Now what does this mean for us?
Ted Lasso, a character in a show I enjoy, once said, “There is something worse out there than being sad. It’s being alone and being sad.”
This is why the hope of mercy is so important for understanding how Jesus meets us in our grief. Because our greatest fear is not that we would be sad, but that we would be left alone in our sadness.
That would not be worthy of being comforted. That we do not merit the attention, care, and compassion that we long to have.
But Jesus spilling his own blood on the mercy seat reminds us that by grace, we can have full confidence in approaching the presence of God and asking him to comfort us. That him comforting us is not contingent on how good we have been this week or how much we have made up for our sins against him.

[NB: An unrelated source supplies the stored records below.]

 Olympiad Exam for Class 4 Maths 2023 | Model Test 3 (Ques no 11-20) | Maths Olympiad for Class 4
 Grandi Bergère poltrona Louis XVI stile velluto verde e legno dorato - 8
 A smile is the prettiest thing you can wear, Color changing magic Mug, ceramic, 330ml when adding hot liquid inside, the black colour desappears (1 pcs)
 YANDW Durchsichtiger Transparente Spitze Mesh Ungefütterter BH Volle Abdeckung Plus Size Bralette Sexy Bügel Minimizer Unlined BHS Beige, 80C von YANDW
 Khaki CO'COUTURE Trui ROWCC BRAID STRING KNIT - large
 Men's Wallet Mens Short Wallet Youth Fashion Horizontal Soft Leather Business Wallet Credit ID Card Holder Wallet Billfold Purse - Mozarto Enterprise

**In Christ, we might be sad. But we are never alone and sad.**
This brings me to the second thing we have reason to hope in. This one comes from Mary’s second interaction in this passage. Her interaction with the risen Jesus.

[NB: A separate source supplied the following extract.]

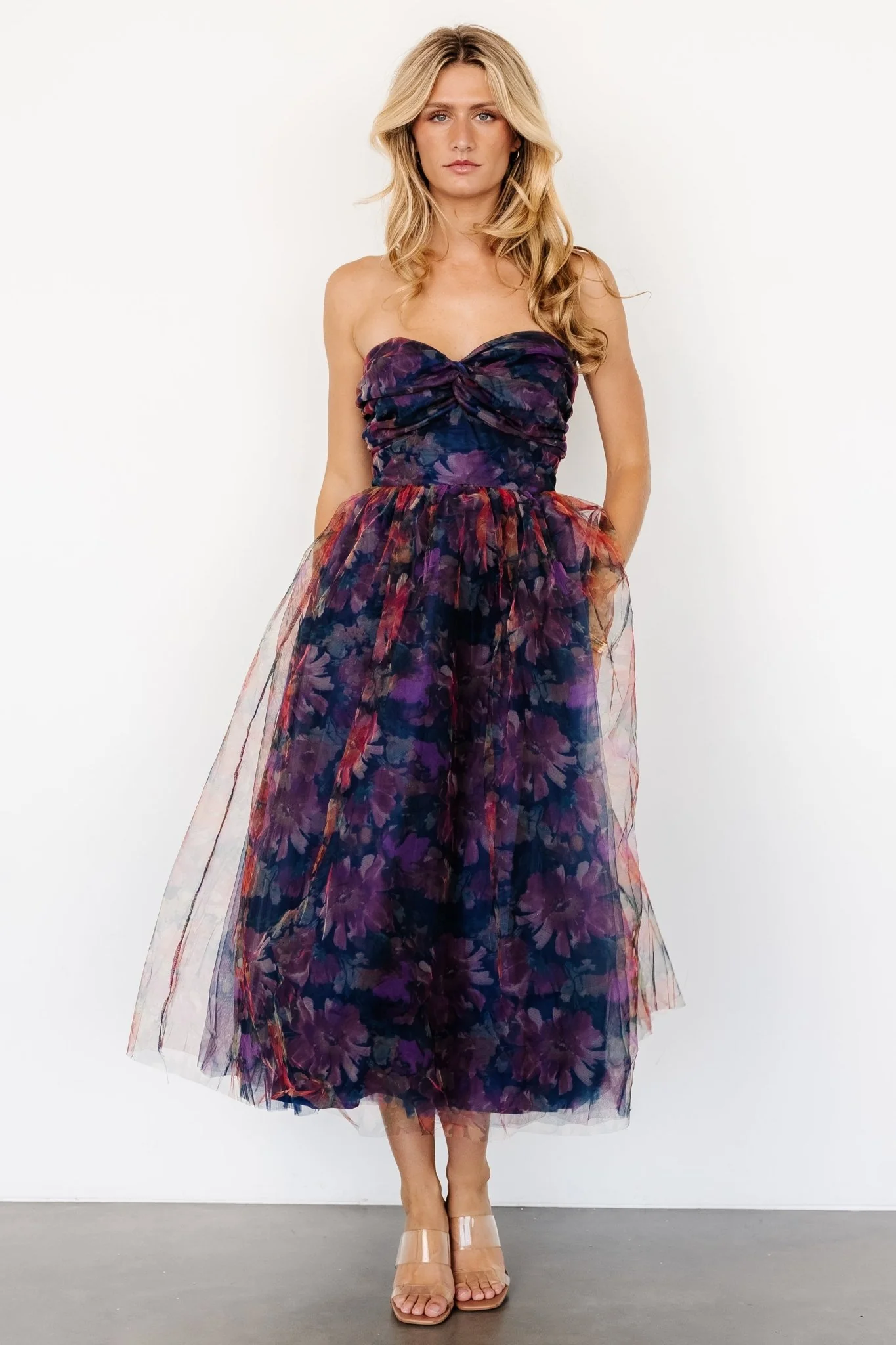 Cristelle Strapless Dress | Navy Multi Floral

It’s here we see that the resurrection gives us a reason to hope in reconciliation.
This hope is one I fear that we don’t talk about enough. Many of my students were raised in faith communities that often reduced the Gospel to the good news that Jesus forgives your sins. That’s it. Full stop.
I’ll admit that this is fine news. It’s news we all desire and need to hear. But that is not the comprehensive Good News of the Gospel.
Think about it like this. Imagine you are doing premarital counseling with some students that were about to get married and you asked them, “What do you like about your relationship?”
And the guy looks at you and says, “Well, the thing I love the most about our relationship is how we are able to forgive one another and keep the peace.”
On the surface, that sounds like a good Christian answer.
But how do you think his fiance would feel about that? That the thing he likes THE MOST about the relationship is not about how much they enjoy conversation, how their personalities mix, how they take andtures and laugh.
But the thing he likes the most is how good they are at handling conflict.
Being forgiven is great! But being loved is really what our soul longs for.
And this is what the Gospel is! Jesus didn’t come just to forgive us. His peace accomplished through the cross was a means by which God could now love us, embrace, and enjoy us.. And we can love, embrace, and enjoy him.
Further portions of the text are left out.